Le meilleur guitariste des Strokes du monde sort son deuxième album solo. Moins décoiffant qu’avec ses braqueurs du siècle, mais tout de même largement de quoi défriser.


Tout d’abord, quand un membre, aussi éminent soit-il, d’un groupe essentiel s’échappe en solo, il convient de garder raison et de ne pas chercher à comparer ce qu’il propose seul à ce qu’il produit en bande. Les travers seraient faciles : soit on joue à fond la carte de la mauvaise foi et on lui conseille de quitter fissa son groupe tant il semble plus à l’aise seul, soit au contraire on abat le vilain petit canard sous prétexte de trahison. Aussi, quand il s’agit d’Albert Hammond Jr, ci-devant guitariste des Strokes, on voit d’ici l’ampleur du travers, quel qu’il soit. Concentrons-nous donc sur ce seul disque, et si besoin, comparons-le avec l’ensemble de la scène rock.

Partant de là, il est frappant de constater combien l’auteur du déjà remarqué Yours To Keep (2006) est à l’aise quand il s’agit de composer. ¿ Cómo Te Llama ?, petit album de pop-rock bien gaulé, se laisse écouter avec un plaisir sans ombre. Fraîcheur des mélodies, spontanéité du jeu, guitares (logiquement) acérées, Albert Hammond est un authentique songwriter. Son truc à lui, ce sont les brûlots catchy, qui frappent instantanément l’esprit pour ne le quitter qu’après une agression au forceps. Par ailleurs, difficile d’en faire abstraction, le guitariste génial que l’on connaît ne se prive pas en solo d’explorer toutes les possibilités que lui offre sa six-cordes. Ainsi, le petit bonhomme gambade, chemise ouverte, entre les genres, tâtant du reggae avant de se jeter dans les effets noisy, sans oublier les indispensables riffs garage. Il y a même du calypso, un peu de guitare hawaïenne, quelques synthés et surtout une énorme culture rock. Culture intelligemment mise au service de son art, tant il musarde brillamment, taquinant ici les Rolling Stones, là singeant les Pixies, chatouillant plus loin les Beatles ou les Kinks, sans oublier, et c’est bien vu, l’un des groupes phares de sa génération, le sien, les Strokes – sur “The Boss Americana” ou “You Won’t Be Fooled” notamment, de là à y voir un brin de provocation drolatique, il n’y a qu’un pas que l’on franchit sans hésitation.

S’il fallait tergiverser, on relèverait deux freins.

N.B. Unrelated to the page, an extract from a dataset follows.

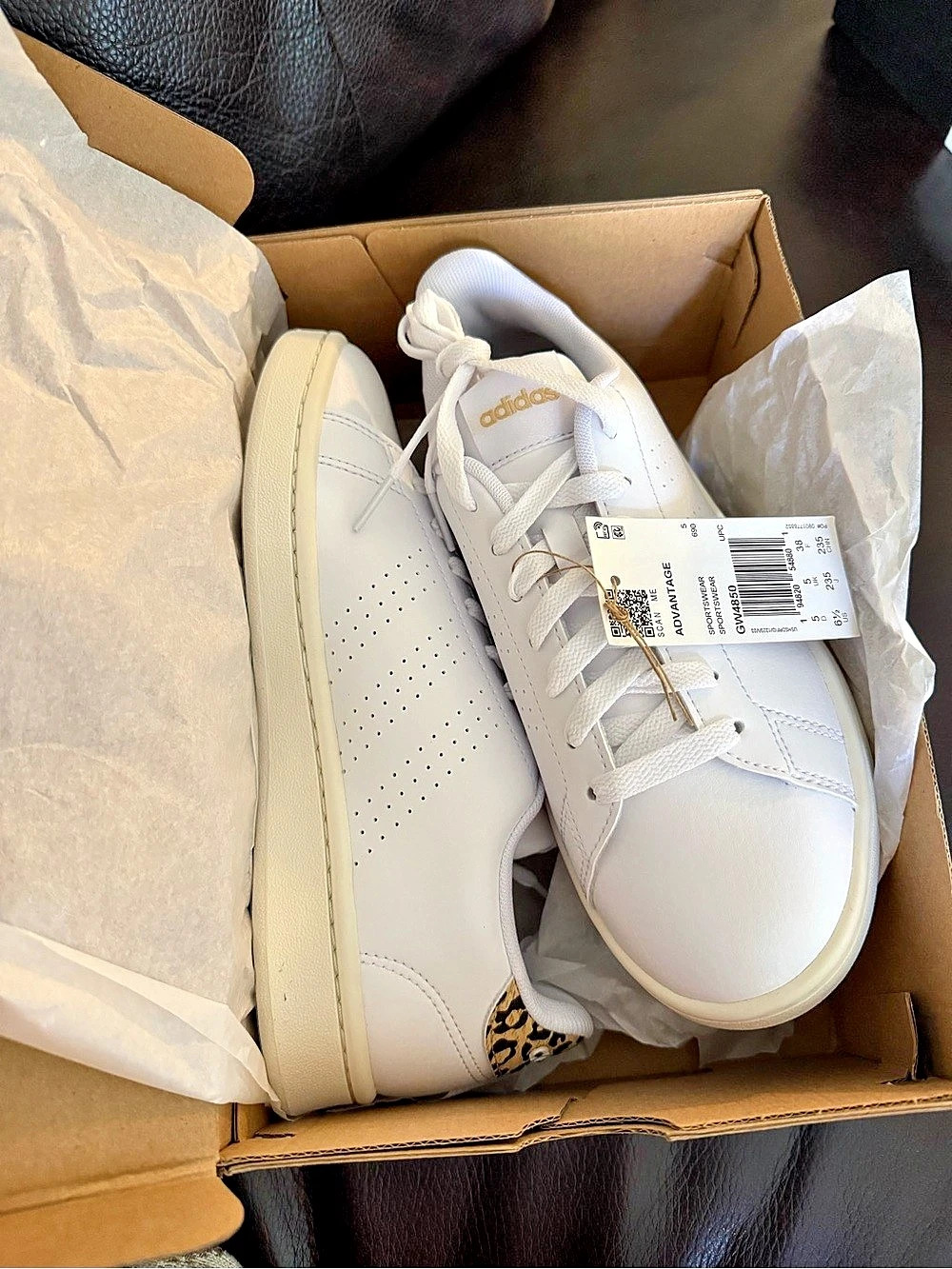 adidas Advantage Sneakers White & Black US 6.5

Le premier, qu’il contourne sans grand problème, c’est la faiblesse de sa voix : les capacités vocales du new-yorkais sont assez basiques et l’obligent à conserver des tonalités qui finissent par rendre l’ensemble un peu monotone, monotonie heureusement contrebalancée par la palette mélodique franchement variée des chansons. L’autre frein, et là c’est plus gênant, réside dans un manque de souffle, d’énergie : il semble qu’Albert Hammond se retient, hésite à se lâcher, de crainte de s’écrouler, quelques accélérations rythmiques seraient bienvenues, notamment au mitan de l’album – un titre comme “Victory At Monterey” et ses guitares éblouissantes y gagnerait franchement en percussion avec quelques BPM supplémentaires. Et ces deux défauts sont d’autant plus frappants que le mixage du disque est plutôt lisse, tranchant avec une production très contemporaine (faite maison, soulignons-le), en cela très proche de celle des albums de son groupe d’origine.

N’empêche, si l’on revient à notre intention première, à savoir replacer ce disque dans son époque, ¿ Cómo Te Llama ? est un excellent disque, manquant peut-être de coffre, mais regorgeant de soleil. Certaines vignettes offrent même de purs moments de magie, comme sur “Spooky Couch”, long instrumental tout en pizzicati soyeux. Seul, Albert Hammond prouve donc, si besoin, qu’il est parfaitement autonome, à même de livrer un rock riche et profond sans surenchère, sans jouer les gros bras. Ainsi, quel que soit l’avenir de son groupe, le sien est tout tracé.